Cisco IOS-softwarerelease 12.2(2)T introduceert een nieuwe vorm van tegendruk op de PA-A3 ter ondersteuning van een wachtrij op een tagswitching-interface via een reeks niet-gespecificeerde bit rate (UBR)-achtige tagVC’s (TVC’s). Het enige congestiefeedback-mechanisme in deze configuratie is voor de gehele reeks TVC’s, niet per-VC.
Cisco biedt twee grafische gebruikersinterfacetools voor het configureren en bewaken van geavanceerde IP-gebaseerde QoS-functies binnen Cisco routers en wordt gebruikt om QoS-configuratie en -bewaking te vergemakkelijken.

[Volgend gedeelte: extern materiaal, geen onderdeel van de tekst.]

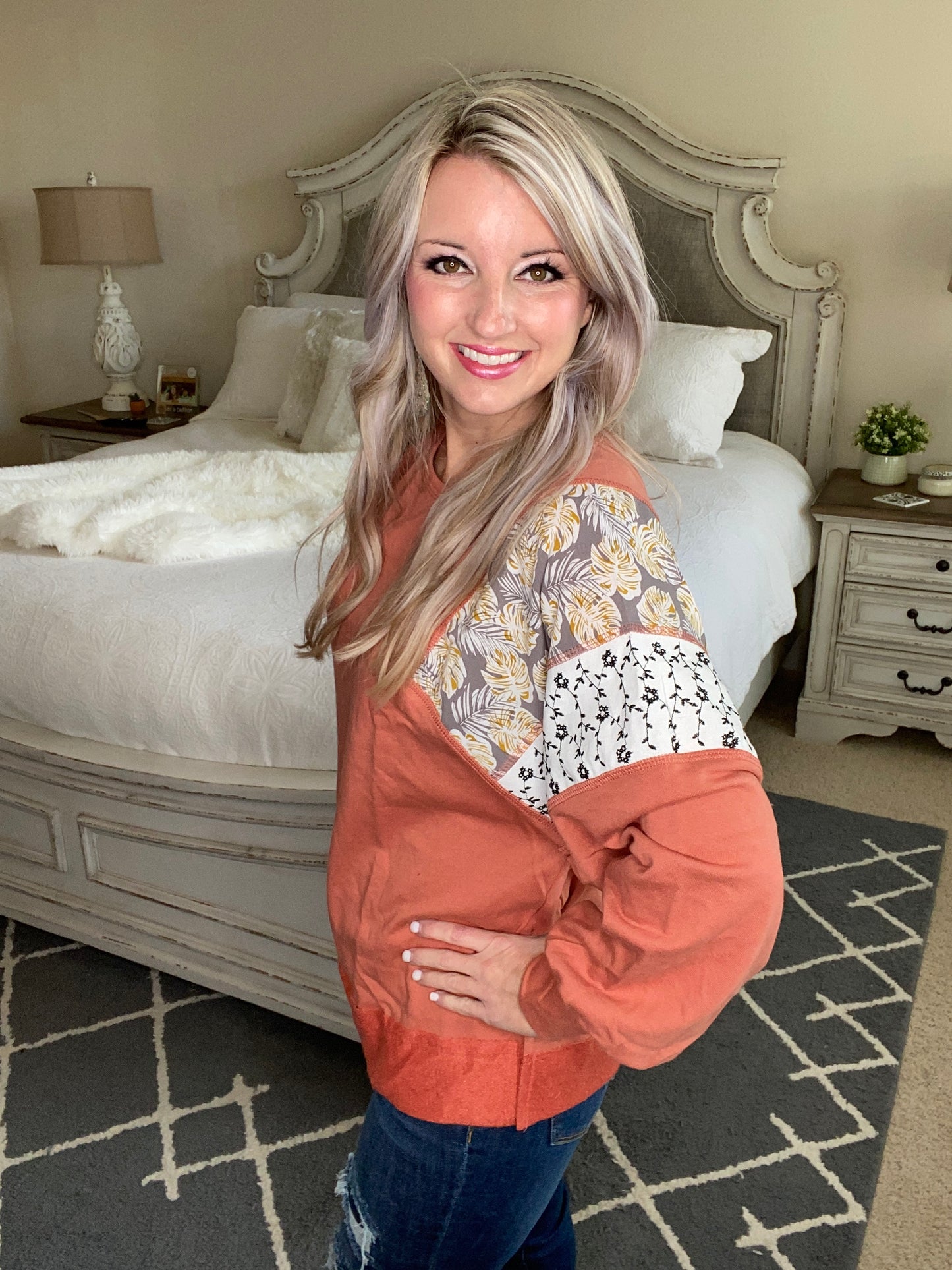 Life Is Peachy Top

QoS Apparaatbeheer 2.1 kan servicebeleid toepassen op alleen subinterfaces en hoofdinterfaces. zij kan geen dienstverleningsbeleid op VC-niveau toepassen. Raadpleeg de Releaseopmerkingen. Vanaf augustus 2002 zijn geen VC-laagservicebeleid gepland dat binnen QDM is geconfigureerd.
QoS Policy Manager 2.1 introduceert ondersteuning voor het configureren van servicebeleid voor ATM point-to-point subinterfaces met één durfkapitalisatie. Zie Releaseopmerkingen en installatiehandleiding voor CiscoWorks2000 QoS Policy Manager 2.1. QPM 3.0 ondersteunt het configureren van VC-laagservicebeleid.